CNN jumped to publish a fact-check article to counter the idea that wind and solar were responsible for the outage.
Reuters ran an article headlined, “The causes for Texas’ blackout go well beyond wind turbines.” CNBC speculated why the “Texas power grid failed.”
While there is no denying there is a hybrid policy conversation to address this crisis, there is a very important fact that is missing from the major media analyses.
On Feb. 12, Texas Gov. Greg Abbott “declared a state of disaster threat of widespread damage due to prolonged freezing temperatures.”
The Electric Reliability Council of Texas, which is responsible for 90% of Texas’s energy, reported they needed an “increase in energy supplies” to help counter the negative effects of the storm.

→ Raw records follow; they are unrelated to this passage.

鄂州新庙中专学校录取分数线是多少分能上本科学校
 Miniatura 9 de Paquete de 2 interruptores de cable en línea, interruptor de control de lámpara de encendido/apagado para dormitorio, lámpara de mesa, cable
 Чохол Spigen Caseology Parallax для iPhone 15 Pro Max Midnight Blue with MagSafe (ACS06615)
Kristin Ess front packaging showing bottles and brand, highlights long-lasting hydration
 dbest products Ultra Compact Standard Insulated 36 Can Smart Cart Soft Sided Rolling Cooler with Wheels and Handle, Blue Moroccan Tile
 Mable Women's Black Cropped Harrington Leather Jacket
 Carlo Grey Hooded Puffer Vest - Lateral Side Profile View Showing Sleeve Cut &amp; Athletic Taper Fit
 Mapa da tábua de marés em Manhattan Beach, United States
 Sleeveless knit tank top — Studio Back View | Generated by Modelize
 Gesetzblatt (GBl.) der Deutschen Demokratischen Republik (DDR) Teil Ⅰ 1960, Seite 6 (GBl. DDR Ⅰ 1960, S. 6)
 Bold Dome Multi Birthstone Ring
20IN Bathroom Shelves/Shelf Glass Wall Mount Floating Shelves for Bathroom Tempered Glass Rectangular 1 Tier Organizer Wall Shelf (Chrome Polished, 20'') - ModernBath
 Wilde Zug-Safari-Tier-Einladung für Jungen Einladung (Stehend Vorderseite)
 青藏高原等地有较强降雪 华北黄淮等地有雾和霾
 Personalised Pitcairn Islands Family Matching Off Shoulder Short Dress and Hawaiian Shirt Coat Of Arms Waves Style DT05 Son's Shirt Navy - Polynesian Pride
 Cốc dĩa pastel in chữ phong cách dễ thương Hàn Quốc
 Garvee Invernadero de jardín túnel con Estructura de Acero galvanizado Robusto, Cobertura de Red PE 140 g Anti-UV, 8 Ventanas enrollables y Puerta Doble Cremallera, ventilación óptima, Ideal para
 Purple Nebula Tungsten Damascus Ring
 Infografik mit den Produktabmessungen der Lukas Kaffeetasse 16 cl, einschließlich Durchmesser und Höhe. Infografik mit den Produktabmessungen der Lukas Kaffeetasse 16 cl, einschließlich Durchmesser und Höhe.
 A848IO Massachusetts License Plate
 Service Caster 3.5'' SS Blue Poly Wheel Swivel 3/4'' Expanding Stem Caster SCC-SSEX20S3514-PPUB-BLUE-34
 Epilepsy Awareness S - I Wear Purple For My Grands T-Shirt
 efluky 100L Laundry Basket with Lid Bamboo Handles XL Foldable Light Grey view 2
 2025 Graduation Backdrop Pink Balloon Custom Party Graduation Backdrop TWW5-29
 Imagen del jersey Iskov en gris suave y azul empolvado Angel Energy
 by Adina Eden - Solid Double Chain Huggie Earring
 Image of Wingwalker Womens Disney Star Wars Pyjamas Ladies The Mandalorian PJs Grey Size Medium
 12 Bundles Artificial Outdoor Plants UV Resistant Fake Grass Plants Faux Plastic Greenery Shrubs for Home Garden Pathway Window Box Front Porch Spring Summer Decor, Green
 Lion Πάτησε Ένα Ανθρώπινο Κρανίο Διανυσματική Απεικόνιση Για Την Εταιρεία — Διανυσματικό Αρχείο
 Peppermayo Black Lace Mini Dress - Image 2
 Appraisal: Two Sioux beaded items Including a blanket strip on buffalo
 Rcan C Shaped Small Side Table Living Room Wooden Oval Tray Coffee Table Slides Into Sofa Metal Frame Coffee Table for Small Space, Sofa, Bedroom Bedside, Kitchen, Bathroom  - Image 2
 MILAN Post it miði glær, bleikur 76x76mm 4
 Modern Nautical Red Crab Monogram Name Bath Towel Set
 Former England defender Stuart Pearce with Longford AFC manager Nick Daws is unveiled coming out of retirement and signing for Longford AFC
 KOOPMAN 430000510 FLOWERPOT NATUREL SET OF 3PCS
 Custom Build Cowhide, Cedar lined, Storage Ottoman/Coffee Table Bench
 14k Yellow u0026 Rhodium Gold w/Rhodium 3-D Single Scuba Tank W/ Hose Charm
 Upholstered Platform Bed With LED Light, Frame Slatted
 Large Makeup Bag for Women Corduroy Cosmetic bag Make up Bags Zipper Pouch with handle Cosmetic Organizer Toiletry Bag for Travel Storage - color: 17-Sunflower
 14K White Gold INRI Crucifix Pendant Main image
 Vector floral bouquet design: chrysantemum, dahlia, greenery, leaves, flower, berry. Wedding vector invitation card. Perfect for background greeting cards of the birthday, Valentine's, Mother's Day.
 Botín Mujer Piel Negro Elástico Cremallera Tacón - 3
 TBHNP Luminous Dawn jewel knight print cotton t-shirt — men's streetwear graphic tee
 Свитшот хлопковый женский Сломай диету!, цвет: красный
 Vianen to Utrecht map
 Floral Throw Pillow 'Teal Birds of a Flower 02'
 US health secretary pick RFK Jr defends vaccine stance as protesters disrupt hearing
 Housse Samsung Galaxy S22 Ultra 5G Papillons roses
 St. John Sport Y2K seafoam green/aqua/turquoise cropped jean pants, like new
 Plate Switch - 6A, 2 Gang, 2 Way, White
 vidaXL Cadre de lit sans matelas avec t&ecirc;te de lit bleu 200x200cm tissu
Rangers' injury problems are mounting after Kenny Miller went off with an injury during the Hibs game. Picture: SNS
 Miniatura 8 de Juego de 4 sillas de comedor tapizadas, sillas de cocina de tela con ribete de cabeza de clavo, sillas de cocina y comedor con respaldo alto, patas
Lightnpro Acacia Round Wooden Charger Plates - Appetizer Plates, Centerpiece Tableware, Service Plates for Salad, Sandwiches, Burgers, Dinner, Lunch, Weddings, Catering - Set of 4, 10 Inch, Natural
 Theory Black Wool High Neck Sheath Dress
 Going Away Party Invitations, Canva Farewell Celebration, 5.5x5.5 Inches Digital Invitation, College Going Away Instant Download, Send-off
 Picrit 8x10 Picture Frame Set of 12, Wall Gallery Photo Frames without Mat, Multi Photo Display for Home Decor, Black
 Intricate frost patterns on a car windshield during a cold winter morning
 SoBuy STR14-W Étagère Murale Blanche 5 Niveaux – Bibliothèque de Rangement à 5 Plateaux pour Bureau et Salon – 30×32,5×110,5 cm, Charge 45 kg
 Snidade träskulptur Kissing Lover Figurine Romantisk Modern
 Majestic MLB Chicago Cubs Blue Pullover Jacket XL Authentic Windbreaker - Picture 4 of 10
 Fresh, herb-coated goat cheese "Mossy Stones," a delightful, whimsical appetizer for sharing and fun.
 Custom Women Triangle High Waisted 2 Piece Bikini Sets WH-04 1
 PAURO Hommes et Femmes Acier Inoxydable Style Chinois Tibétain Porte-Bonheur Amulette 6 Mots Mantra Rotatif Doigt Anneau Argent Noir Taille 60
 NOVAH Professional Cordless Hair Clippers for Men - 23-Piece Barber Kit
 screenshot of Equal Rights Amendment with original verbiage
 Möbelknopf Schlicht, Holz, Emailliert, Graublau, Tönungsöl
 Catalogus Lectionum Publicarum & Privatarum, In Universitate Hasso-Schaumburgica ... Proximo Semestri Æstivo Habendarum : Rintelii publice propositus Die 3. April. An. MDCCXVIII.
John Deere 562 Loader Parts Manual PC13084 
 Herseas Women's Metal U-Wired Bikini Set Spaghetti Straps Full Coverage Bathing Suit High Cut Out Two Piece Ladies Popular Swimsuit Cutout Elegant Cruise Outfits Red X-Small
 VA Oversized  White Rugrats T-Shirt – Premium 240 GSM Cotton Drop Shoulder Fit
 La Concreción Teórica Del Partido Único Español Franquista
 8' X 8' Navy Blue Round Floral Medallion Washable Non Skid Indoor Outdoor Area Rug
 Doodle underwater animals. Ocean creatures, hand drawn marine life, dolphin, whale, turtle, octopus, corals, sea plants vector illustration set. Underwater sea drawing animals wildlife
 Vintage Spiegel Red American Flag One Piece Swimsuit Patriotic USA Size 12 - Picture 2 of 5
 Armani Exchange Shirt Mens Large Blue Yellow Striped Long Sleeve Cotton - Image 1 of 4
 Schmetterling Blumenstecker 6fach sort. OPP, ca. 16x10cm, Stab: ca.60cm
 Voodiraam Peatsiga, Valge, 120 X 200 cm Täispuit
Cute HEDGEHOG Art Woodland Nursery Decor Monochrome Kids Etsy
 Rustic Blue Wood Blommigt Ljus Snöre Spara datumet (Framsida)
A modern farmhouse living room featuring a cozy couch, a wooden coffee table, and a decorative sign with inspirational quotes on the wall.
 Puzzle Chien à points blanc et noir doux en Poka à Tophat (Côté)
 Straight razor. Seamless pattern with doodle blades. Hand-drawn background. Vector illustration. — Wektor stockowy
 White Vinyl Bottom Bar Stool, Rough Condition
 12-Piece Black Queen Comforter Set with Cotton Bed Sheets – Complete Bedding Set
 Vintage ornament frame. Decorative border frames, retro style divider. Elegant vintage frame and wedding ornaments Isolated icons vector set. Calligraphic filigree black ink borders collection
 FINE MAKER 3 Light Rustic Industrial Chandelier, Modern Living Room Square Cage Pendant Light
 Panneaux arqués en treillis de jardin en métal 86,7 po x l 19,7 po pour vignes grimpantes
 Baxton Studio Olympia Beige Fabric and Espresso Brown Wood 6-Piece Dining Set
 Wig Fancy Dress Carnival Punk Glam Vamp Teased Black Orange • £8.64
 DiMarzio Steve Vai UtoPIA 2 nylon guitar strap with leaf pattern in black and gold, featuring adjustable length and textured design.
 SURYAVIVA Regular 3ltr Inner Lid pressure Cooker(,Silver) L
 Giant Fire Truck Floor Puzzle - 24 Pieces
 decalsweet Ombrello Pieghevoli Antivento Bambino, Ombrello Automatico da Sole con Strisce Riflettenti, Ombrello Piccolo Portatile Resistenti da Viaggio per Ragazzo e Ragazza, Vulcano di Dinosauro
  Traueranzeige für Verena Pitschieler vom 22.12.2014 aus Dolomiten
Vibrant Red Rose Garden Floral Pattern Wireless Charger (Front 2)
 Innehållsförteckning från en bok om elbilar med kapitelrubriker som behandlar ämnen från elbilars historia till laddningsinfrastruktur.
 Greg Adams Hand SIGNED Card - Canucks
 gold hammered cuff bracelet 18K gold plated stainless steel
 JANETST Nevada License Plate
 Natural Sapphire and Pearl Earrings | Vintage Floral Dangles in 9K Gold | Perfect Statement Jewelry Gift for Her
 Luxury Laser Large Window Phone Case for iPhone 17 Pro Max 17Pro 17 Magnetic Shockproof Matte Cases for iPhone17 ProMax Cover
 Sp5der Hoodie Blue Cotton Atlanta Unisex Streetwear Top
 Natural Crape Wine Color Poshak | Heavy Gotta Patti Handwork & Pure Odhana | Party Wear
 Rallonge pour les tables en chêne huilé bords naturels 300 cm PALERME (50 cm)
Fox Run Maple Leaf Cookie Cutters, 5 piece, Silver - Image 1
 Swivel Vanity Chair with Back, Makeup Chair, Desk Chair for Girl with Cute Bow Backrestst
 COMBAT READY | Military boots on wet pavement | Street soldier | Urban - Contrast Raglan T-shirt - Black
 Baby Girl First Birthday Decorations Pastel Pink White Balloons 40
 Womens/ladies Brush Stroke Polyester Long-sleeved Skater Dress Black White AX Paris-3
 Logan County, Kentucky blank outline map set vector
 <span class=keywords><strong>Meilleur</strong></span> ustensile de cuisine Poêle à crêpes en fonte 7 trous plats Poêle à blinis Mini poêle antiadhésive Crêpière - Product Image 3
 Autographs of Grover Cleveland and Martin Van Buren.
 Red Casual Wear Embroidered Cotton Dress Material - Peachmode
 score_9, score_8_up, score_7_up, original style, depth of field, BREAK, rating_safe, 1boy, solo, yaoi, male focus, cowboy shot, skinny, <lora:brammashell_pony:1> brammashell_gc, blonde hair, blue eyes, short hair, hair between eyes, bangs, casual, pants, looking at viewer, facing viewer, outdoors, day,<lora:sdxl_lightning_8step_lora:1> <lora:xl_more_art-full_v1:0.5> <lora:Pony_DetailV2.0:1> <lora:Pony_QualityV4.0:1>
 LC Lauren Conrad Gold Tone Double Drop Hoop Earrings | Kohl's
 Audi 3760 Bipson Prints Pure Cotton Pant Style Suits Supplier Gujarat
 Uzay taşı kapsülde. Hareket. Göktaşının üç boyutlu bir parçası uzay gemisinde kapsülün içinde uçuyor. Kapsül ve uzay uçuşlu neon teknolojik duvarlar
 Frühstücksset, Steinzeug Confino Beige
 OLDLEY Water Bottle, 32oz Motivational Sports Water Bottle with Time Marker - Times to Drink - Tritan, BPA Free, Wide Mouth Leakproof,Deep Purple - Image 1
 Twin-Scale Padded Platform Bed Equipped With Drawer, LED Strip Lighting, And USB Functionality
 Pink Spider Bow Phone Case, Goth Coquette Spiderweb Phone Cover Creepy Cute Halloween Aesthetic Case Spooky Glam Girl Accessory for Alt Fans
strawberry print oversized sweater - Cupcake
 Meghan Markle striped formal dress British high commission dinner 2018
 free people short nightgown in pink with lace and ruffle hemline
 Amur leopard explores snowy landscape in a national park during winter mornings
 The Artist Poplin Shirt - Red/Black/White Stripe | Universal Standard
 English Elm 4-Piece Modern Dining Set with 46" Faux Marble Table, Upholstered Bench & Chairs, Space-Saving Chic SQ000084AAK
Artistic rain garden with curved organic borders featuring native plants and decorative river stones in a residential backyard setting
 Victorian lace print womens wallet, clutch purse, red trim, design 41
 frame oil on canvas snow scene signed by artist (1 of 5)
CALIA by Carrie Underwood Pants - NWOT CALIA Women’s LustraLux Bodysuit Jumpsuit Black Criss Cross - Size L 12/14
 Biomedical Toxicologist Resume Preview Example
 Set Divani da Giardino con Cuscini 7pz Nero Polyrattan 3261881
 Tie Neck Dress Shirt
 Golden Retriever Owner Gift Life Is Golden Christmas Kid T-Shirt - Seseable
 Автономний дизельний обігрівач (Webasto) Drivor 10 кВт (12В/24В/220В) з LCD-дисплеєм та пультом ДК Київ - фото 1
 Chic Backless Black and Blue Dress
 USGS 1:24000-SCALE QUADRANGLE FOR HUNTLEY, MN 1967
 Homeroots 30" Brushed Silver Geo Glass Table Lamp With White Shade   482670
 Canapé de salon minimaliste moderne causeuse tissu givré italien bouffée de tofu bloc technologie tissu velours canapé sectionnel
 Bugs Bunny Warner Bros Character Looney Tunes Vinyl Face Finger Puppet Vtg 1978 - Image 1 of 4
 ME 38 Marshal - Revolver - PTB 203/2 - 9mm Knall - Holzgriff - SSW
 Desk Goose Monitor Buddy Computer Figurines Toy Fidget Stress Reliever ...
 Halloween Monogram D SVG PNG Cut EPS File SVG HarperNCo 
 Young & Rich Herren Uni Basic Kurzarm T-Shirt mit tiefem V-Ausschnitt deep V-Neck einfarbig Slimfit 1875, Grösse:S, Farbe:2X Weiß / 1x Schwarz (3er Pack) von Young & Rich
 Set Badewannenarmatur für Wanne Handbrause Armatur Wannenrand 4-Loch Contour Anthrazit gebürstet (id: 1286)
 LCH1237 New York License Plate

ERCOT also reported that “numerous energy generation units will be unable to operate at full capacity without violating federal air quality or other permit limitations.”
These issues were listed in a request submitted to the Department of Energy on Feb. 14 regarding discretion for “using their energy generators and relief from exceeding state emissions requirements during emergency conditions”.
The Department of Energy responded that while it would allow a certain increase in energy output, it would not “provide relief from obligations to purchase energy allowances for emissions that occur during the emergency condition.” They also specified their priority to “minimize adverse environmental impacts, by limiting operation of dispatched energy units.”
The order from the Department of Energy also hiked the price of power credits being sold to the state at a price “no lower than $1,500/MWh,” a significant increase over the $18.20 that Texans typically pay for the same amount of energy.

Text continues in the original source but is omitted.